Dave (GMRCatman) and myself got out a couple times this week and caught a few fish. We went out Monday morning and took Dave's daughter out for her first blue cat trip. We only fished for 3 hours but managed to get on some fish.

We caught 3 channels (12 pounder being the biggest) and 6 blues (45 pounder being the biggest, but also had 3 in the 20's)

It was nice being out and Lauren had a blast.




























Then we decided to go out last night and the bite was definitly slow. We only caught 6 blues and lost a good one in a tree. The first 3 blues were triplets it seemed.

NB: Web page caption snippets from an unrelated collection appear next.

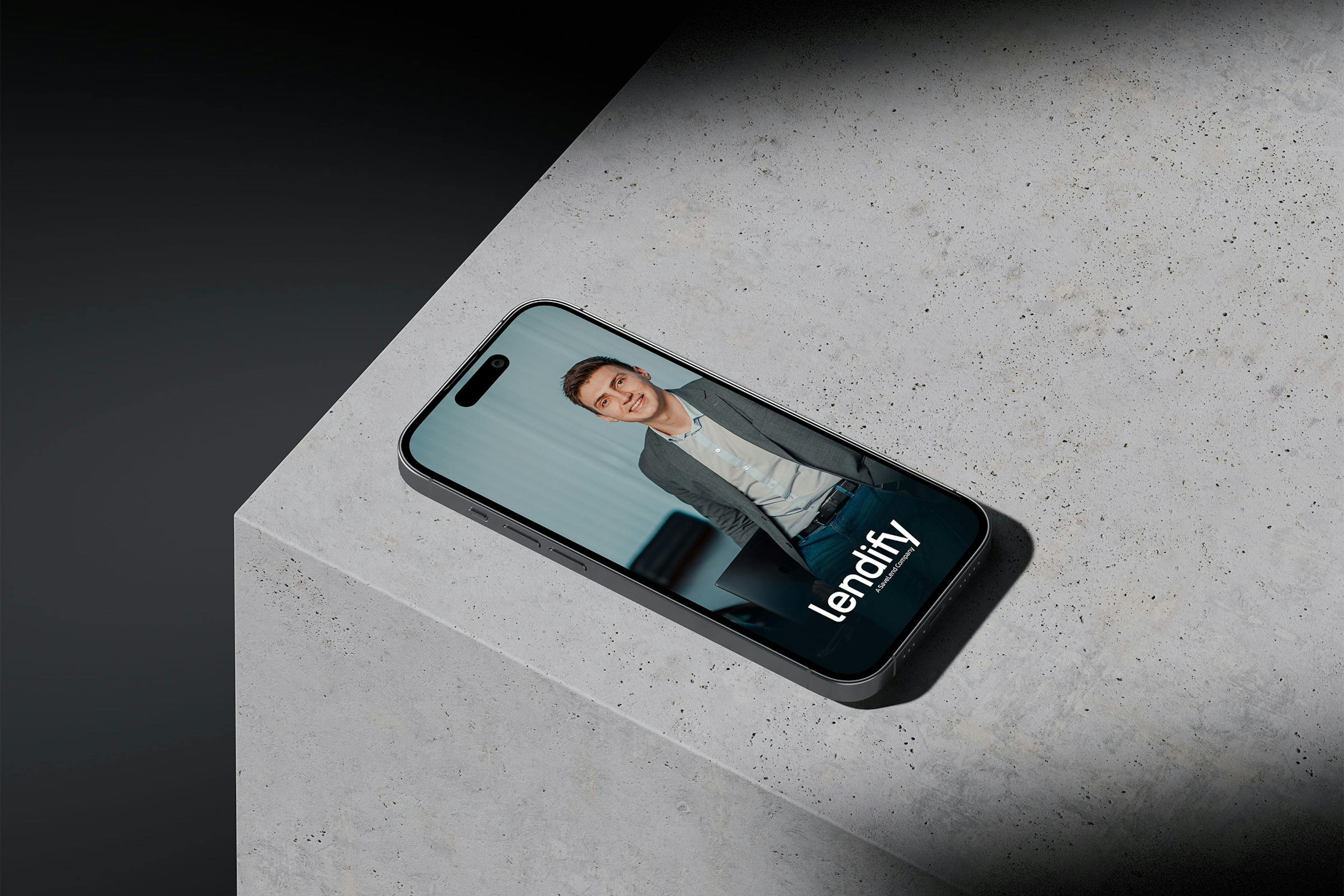 An iPhone sitting on a concrete surface displaying an Lendify ad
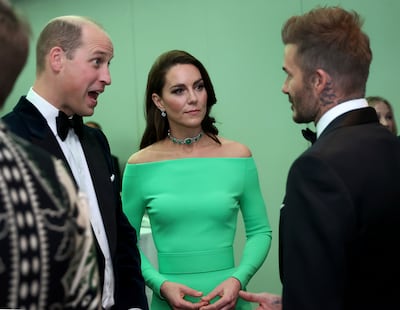 Kate, Princess of Wales, sports a rented dress as she chats with David Beckham and her husband Prince William at The Earthshot Prize awards on Friday. AP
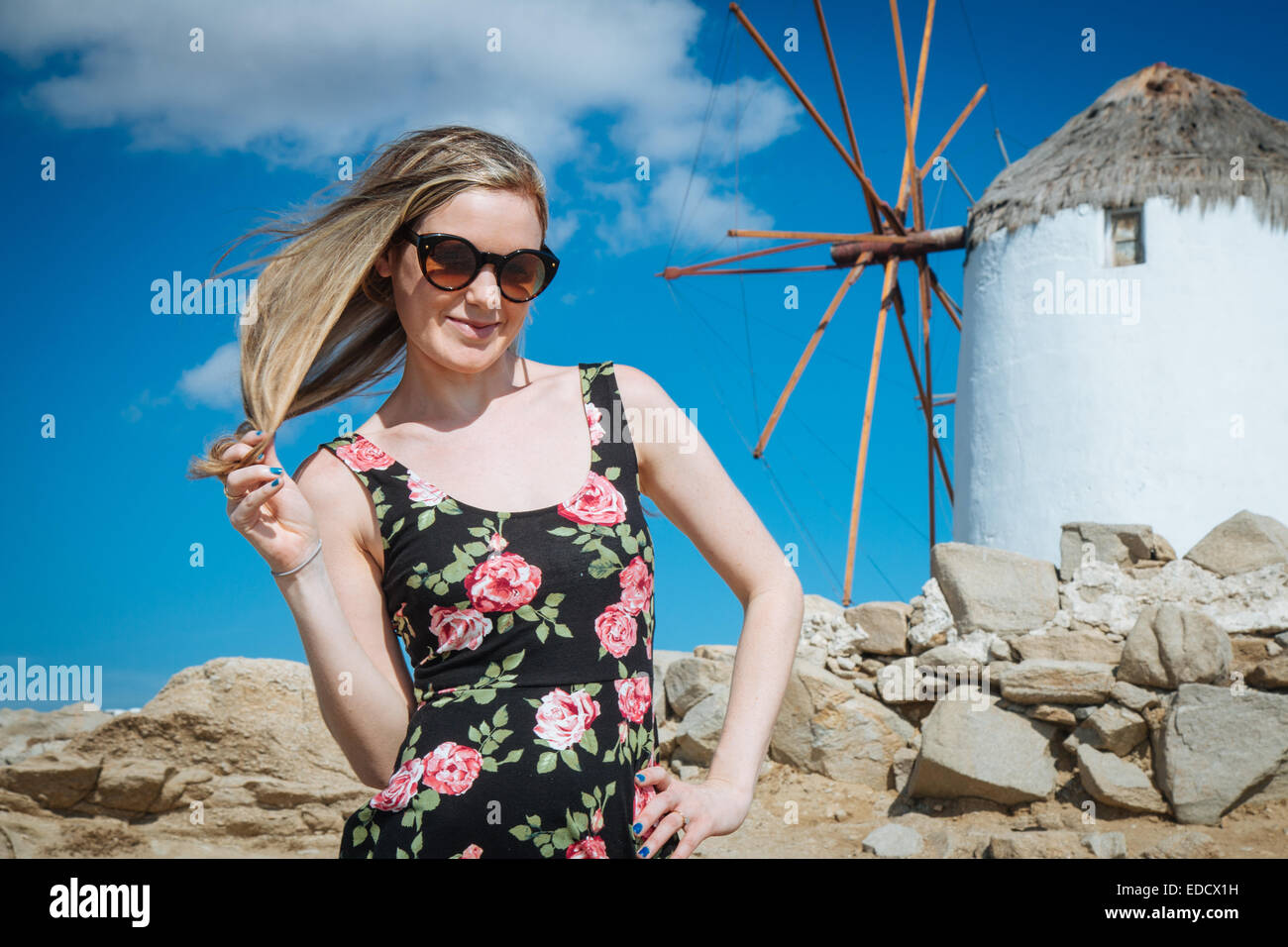 Giovane ragazza bionda con occhiali da sole al mulino a vento a Mykonos Foto Stock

All of them weighed 10 pounds but caught in 3 different spots. 
After that Dave caught a 35 pounder and a 30 pounder 

















and then I finished up the night with a little 15 pounder. 











All fish came on fresh shad and skipjack.


----------



## JimmyMac (Feb 18, 2011)

Looks like good fun to me, man I need to hit the ohio... Haven't touched a blue cat in about 4 years.


----------



## Salmonid (Apr 14, 2004)

Nice job guys, by the time you read this, Ill be going out of the Public Landing loking for some blues as well. 

Salmonid


----------



## camaroman (May 17, 2009)

Great job guys! Glad to see Lauren Had a good time. those all look like really nice fish!


----------



## TClark (Apr 20, 2007)

Awesome fish, just awesome!!!


----------



## catfishnut (Dec 23, 2010)

Very nice fish!!! Looks like she had a blast!


----------



## mastercatman (Jan 30, 2005)

Great photos! Nice fish! I'm jealous! Great work guys and gal! One day soon I will hopefully get down that way!


----------